Book Review: Haruki Murakami's Conversations with Seiji Ozawa in 'Absolutely on Music'
There are perhaps no two men more qualified to talk about their pursuit of music and literature than Haruki Murakami and Seiji Ozawa. So when I discovered that the two had sat down at various intervals over the course of a few years to discuss music and transcribe their conversations, I knew I had to read Absolutely on Music.
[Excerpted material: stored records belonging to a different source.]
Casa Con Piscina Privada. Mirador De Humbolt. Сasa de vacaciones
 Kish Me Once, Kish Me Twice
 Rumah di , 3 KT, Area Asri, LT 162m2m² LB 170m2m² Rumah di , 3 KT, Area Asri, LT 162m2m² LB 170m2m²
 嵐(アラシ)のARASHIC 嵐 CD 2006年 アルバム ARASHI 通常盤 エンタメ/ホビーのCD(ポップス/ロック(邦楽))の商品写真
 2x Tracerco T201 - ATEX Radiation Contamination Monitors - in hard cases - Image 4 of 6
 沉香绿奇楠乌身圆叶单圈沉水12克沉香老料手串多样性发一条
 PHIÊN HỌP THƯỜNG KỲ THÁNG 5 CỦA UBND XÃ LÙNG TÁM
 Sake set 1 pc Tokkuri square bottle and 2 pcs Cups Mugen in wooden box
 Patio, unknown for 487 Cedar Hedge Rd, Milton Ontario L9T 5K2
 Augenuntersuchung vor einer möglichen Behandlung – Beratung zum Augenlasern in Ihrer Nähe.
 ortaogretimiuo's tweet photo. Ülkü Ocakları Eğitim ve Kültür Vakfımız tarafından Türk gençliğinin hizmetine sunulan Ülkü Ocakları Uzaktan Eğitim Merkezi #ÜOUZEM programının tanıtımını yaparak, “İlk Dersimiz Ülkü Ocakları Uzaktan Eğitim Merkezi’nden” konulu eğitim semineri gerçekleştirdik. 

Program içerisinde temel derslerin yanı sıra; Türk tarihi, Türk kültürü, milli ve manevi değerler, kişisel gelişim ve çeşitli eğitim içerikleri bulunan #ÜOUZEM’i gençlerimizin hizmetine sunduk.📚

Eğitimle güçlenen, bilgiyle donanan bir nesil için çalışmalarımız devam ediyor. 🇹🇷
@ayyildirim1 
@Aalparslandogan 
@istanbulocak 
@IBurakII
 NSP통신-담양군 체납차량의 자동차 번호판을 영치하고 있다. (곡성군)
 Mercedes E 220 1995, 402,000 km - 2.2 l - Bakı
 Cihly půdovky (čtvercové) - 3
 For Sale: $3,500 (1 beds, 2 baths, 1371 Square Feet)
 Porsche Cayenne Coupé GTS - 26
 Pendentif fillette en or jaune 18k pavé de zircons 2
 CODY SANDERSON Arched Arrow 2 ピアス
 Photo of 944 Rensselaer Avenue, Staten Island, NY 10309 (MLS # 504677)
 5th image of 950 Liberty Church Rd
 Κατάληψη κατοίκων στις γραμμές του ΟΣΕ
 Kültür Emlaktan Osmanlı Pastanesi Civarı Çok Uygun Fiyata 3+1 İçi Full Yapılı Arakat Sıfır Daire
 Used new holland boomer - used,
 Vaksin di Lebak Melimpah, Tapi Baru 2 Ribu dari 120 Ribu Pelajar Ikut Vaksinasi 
"I believe that music exists to make people happy. In order to do so, those who make music use a wide range of techniques and methods which, in all their complexity, fascinate me in the simplest way." -Murakami, Absolutely on Music, pg. 10
I must confess, this book was one of the most precious Christmas gifts I have ever received. Most of my friends and family know how much I love Haruki Murakami's novels, such as The Wind-Up Bird Chronicle and A Wild Sheep Chase, but there is no way my mother-in-law could have guessed my deep affinity for conductor Seiji Ozawa.
As a young girl, I was fond of the PBS concert broadcasts in which this mysterious, ageless conductor with wild hair and wings for arms would lead his orchestra in a dazzling display I only barely understood.
It was enthralling. His physical language was some alien cross between a dancer and a history professor. I fully expected him to fly at some point during Beethoven's Fifth. I often tried to imitate his movements in the hopes of lift-off.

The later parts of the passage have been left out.